[Task material — start]

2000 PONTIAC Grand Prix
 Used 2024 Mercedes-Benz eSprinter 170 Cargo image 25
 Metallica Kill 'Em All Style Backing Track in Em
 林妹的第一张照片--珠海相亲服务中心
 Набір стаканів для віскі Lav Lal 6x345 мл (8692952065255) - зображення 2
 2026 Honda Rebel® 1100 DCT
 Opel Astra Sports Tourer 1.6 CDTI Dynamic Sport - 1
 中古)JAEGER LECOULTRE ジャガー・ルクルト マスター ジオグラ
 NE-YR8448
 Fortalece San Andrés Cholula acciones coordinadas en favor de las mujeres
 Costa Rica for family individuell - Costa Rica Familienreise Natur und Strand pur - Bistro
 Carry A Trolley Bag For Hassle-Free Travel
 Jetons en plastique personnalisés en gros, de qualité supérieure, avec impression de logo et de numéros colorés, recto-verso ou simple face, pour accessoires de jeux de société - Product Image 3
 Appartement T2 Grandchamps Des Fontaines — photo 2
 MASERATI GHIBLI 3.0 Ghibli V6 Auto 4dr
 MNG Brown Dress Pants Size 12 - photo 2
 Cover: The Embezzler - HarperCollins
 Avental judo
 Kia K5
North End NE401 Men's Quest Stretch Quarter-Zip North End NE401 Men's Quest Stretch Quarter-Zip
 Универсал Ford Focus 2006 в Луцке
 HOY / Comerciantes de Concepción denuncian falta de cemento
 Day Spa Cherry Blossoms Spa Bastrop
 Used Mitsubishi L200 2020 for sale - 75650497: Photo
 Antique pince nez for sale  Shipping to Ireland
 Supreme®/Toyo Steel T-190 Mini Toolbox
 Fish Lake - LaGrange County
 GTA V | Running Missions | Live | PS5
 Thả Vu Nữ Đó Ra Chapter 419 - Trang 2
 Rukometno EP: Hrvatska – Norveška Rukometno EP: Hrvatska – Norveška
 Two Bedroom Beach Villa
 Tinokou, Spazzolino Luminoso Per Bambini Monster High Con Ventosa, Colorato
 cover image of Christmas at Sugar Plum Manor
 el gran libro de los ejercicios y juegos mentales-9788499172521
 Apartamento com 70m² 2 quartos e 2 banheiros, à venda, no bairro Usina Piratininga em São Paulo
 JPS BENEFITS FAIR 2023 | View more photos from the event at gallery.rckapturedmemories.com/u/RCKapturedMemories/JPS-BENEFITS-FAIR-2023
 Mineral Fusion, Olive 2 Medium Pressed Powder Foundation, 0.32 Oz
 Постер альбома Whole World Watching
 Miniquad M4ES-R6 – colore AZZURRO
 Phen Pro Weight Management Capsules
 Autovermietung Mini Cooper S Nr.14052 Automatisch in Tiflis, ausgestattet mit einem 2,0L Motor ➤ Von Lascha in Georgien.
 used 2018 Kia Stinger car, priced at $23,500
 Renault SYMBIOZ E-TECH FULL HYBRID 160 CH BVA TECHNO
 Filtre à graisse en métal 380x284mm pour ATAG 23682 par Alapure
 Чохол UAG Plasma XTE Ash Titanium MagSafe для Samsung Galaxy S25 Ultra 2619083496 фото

[Task material — finish]

__Instructions to follow__: Across the material above, count every line holding "pour" and write down only the number.

__Output for this task__: 2